The North Channel is the body of water along the north shore of Lake Huron, in the Canadian province of Ontario. It stretches approximately 160 nautical miles (300 km) and is bordered on the east by Georgian Bay, on the west by the St. Marys River, to the north by the eastern Algoma District and part of the Sudbury District, and to the south by the islands of Manitoulin, Cockburn, Drummond and St.
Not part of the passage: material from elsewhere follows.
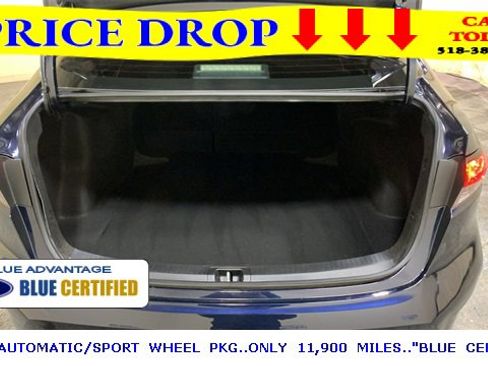 Used 2023 Toyota Corolla SE image 19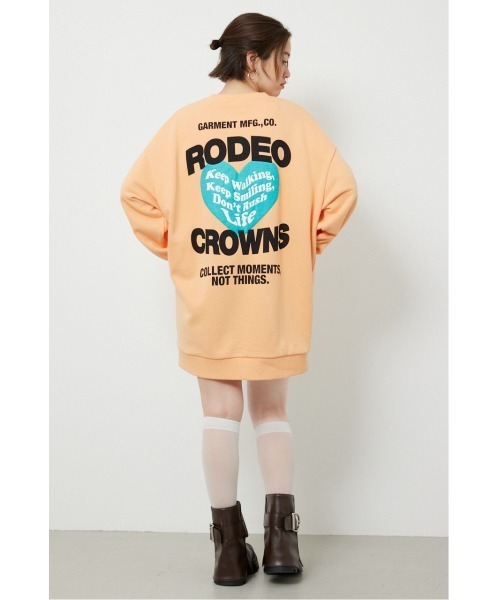 RODEO CROWNS WIDE BOWL(ロデオクラウンズワイドボウル)の「バックハートロゴワンピース(ワンピース・レディース・オレンジ系その他/ブラック/グレー×ホワイト・FREE)」の1枚目の写真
Joseph.  At its widest point it is over 30 km (20 miles) wide.

In addition to Georgian Bay, the North Channel is connected to the main body of Lake Huron by the False Detour Channel and the Mississagi Strait, which separate the above-noted islands.

The channel is recognized as one of the best freshwater cruising grounds in the world.  There are full-service marinas in various small communities along the shore providing sufficient provisions.  A large section of the north shore is bordered by La Cloche Provincial Park providing for a scenic environment.

The only road crossings of the North Channel are at the Little Current Swing Bridge, which carries Highway 6 between Manitoulin Island and the mainland of Northern Ontario, and the Bernt Gilbertson Bridge, which carries Highway 548 from the mainland onto St. Joseph Island. The bridges are located at two of the narrowest points along the entire channel.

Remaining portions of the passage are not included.